Excerpted records.
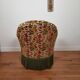 Toad chair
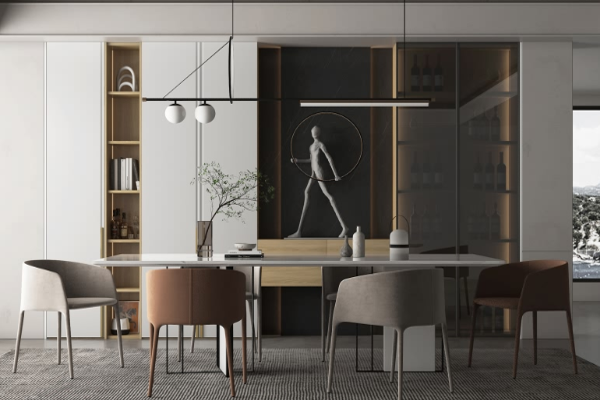 全屋定制包含哪些東西?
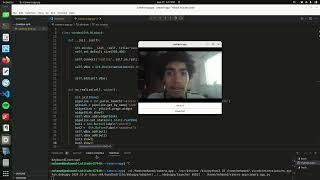 Gstreamer 101: Python (Pygtk) Camera App Tutorial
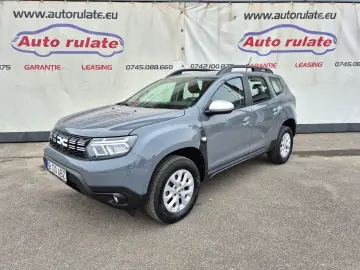 Dacia Duster TCe 150 EDC Expression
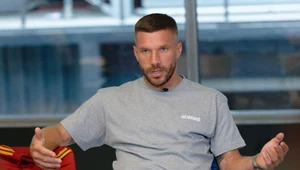 Dramatyczna sytuacja Górnika Zabrze. Podolski nie mógł już milczeć, "kaput"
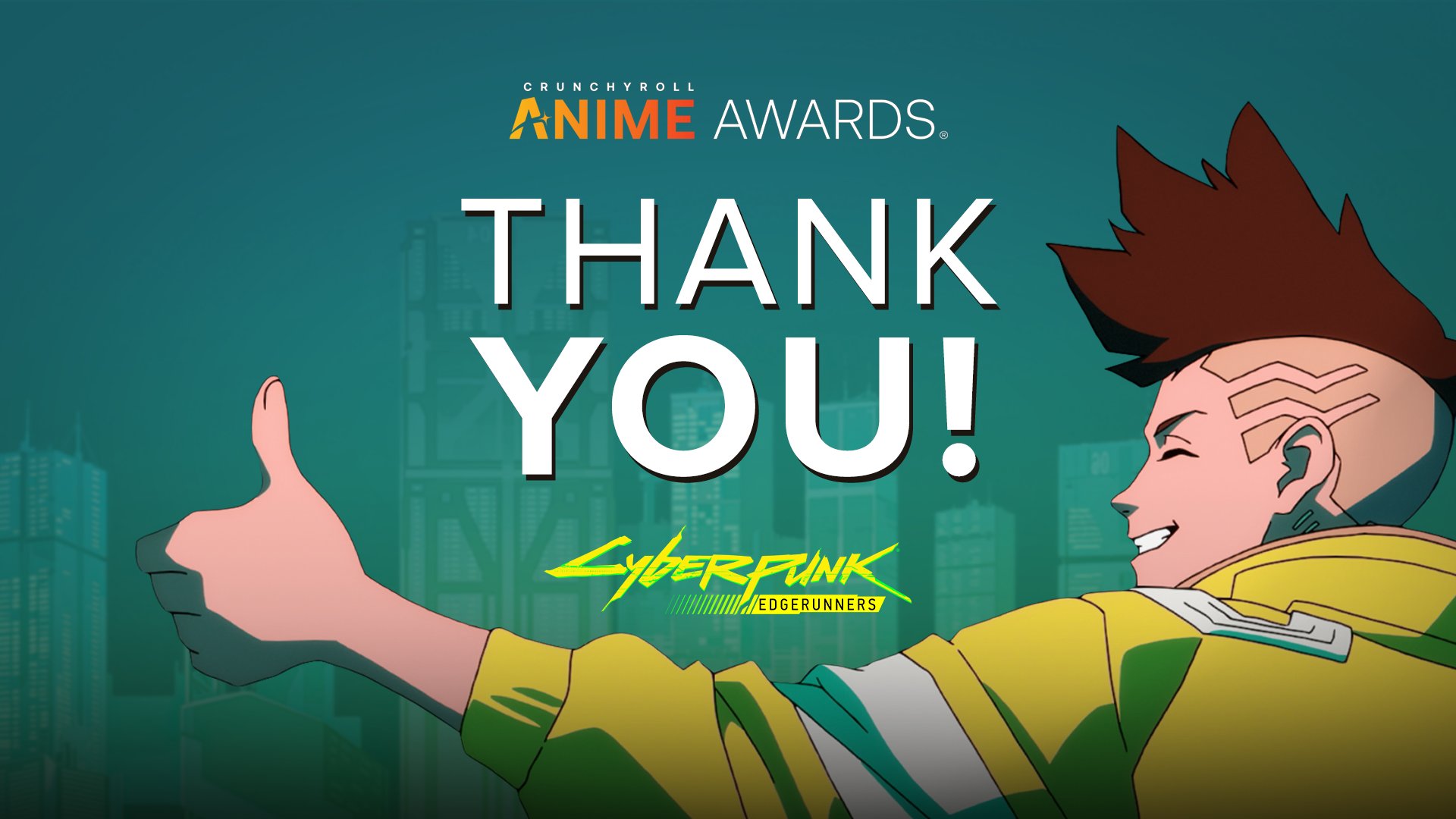 ESPECIAL: Categorias do Anime Awards 2023 - Melhor Performance de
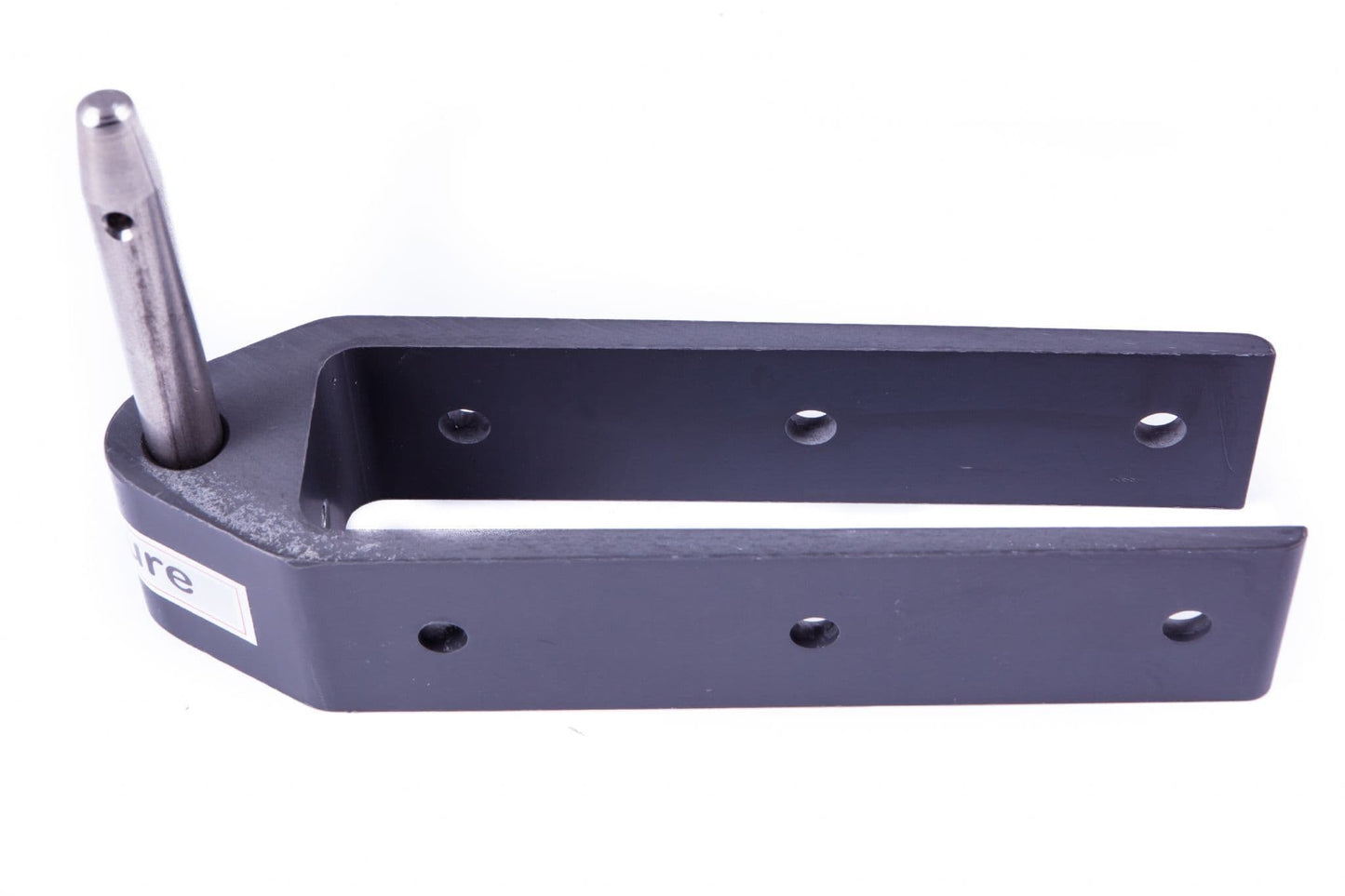 Rudder Pintles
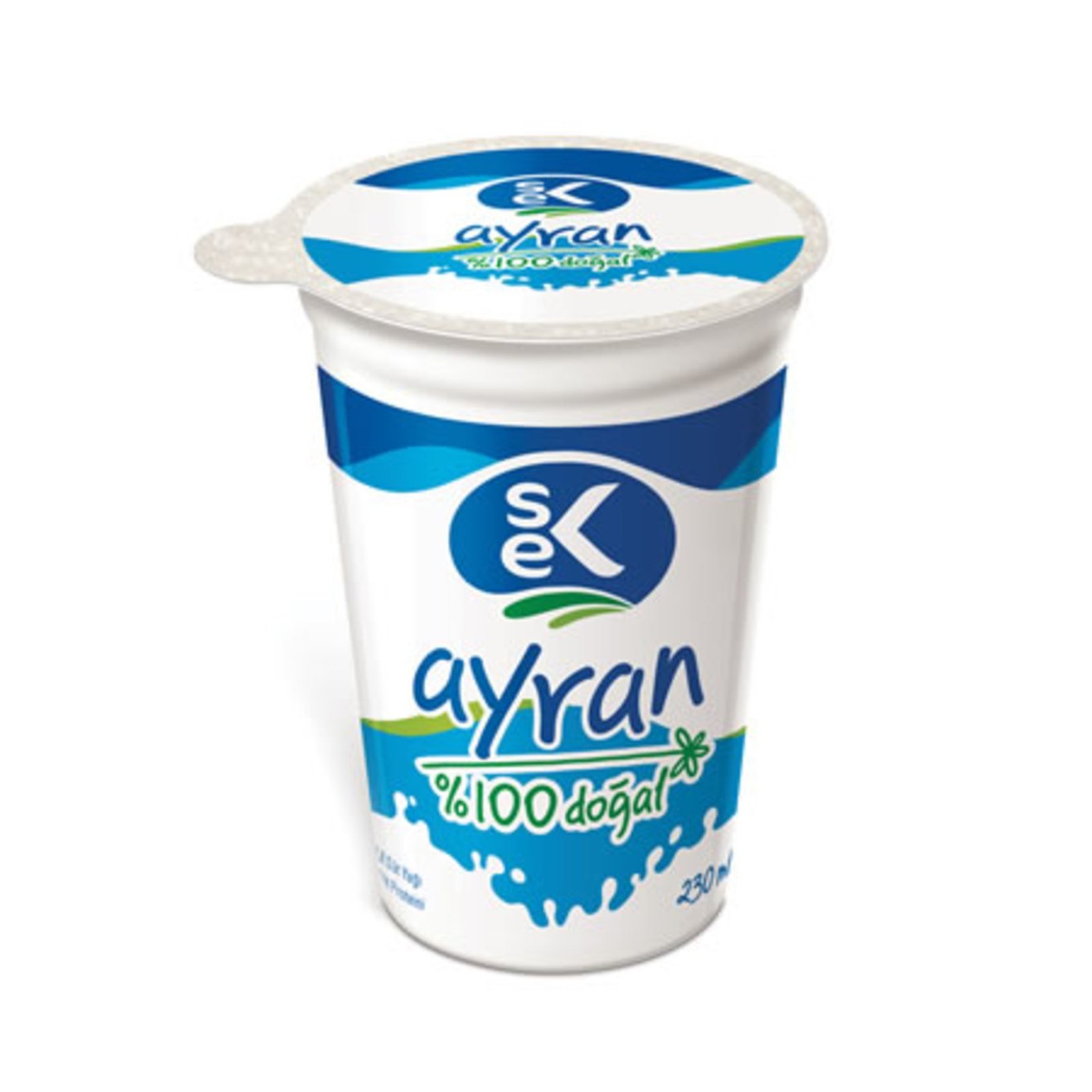 Ayran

Exercise description. Copy each line above exactly, with no images.

The completed task.
 Toad chair
 全屋定制包含哪些東西?
 Gstreamer 101: Python (Pygtk) Camera App Tutorial
 Dacia Duster TCe 150 EDC Expression
 Dramatyczna sytuacja Górnika Zabrze. Podolski nie mógł już milczeć, "kaput"
 ESPECIAL: Categorias do Anime Awards 2023 - Melhor Performance de
 Rudder Pintles
 Ayran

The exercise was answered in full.